What you have to do: Restate word for word the lines below that run from the one holding "Productores de Calabozo" through the one holding "Wallet Leather Stand", inclusive. Pictures don't belong in the copy.

Extracted entries:
*-*-*

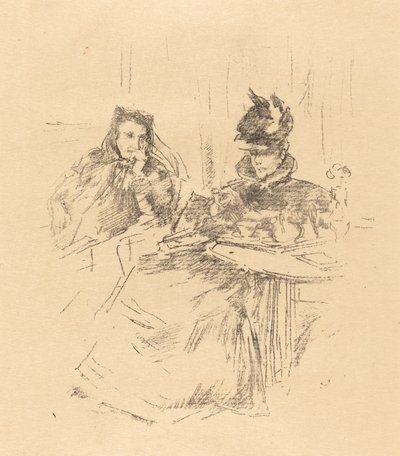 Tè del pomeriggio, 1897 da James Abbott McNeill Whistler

*-*-*

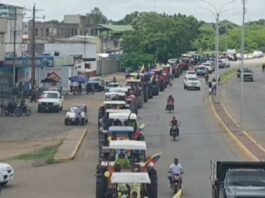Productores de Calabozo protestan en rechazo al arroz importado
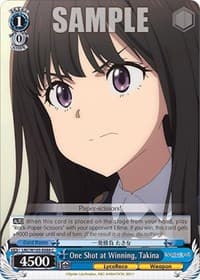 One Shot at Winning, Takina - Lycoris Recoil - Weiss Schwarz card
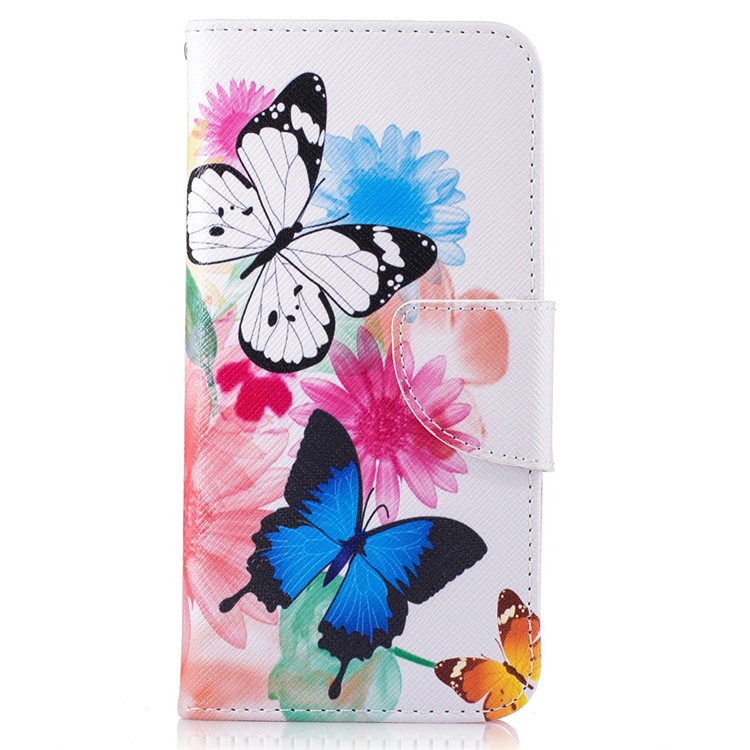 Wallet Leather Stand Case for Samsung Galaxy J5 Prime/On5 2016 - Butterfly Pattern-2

*-*-*

Exercise result:
Productores de Calabozo protestan en rechazo al arroz importado
 One Shot at Winning, Takina - Lycoris Recoil - Weiss Schwarz card
 Wallet Leather Stand Case for Samsung Galaxy J5 Prime/On5 2016 - Butterfly Pattern-2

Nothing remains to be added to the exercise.